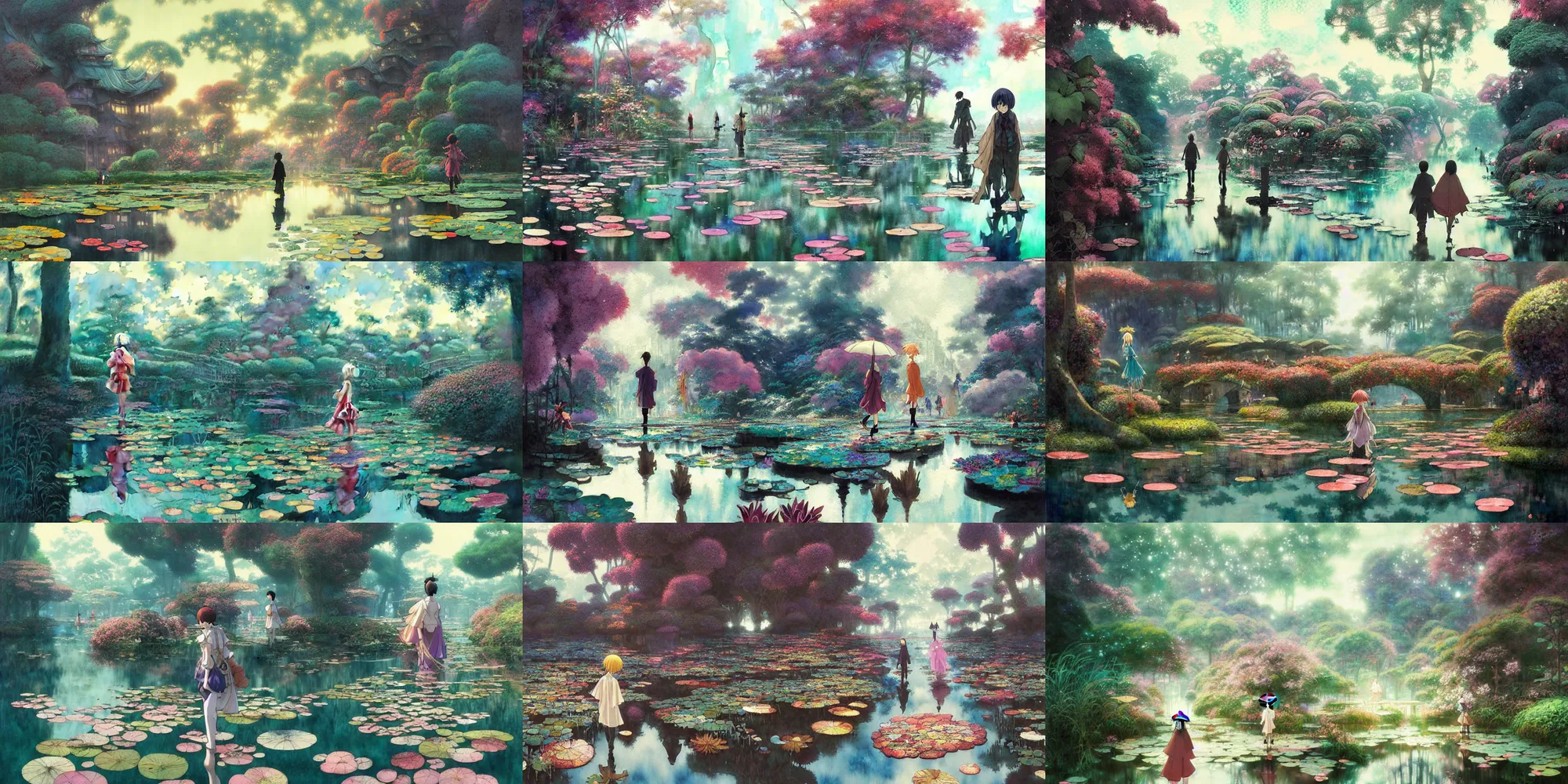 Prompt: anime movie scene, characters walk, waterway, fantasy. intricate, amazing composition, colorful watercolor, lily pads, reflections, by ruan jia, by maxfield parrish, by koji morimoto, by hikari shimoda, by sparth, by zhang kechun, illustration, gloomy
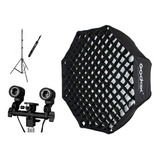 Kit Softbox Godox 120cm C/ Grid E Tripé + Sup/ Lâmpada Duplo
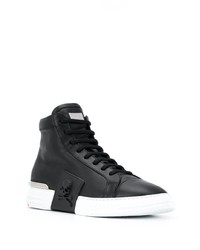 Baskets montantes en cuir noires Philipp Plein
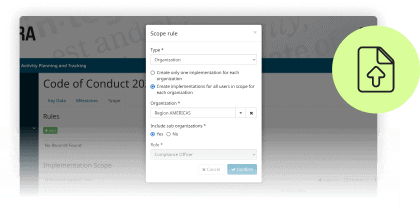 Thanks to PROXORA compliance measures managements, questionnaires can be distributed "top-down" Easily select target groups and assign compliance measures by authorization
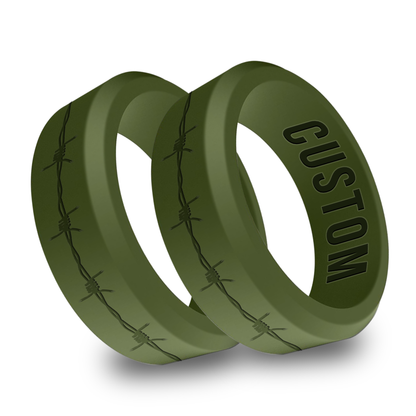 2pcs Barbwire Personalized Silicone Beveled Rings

◆ ◆ ◆ ◆ ◆

All lines from the one containing "Kit Softbox Godox" through the end of the entries, both ends included, should be written out exactly, with no pictures.

■ **Solution to this problem**:
 Kit Softbox Godox 120cm C/ Grid E Tripé + Sup/ Lâmpada Duplo
 Baskets montantes en cuir noires Philipp Plein
 Thanks to PROXORA compliance measures managements, questionnaires can be distributed "top-down" Easily select target groups and assign compliance measures by authorization
 2pcs Barbwire Personalized Silicone Beveled Rings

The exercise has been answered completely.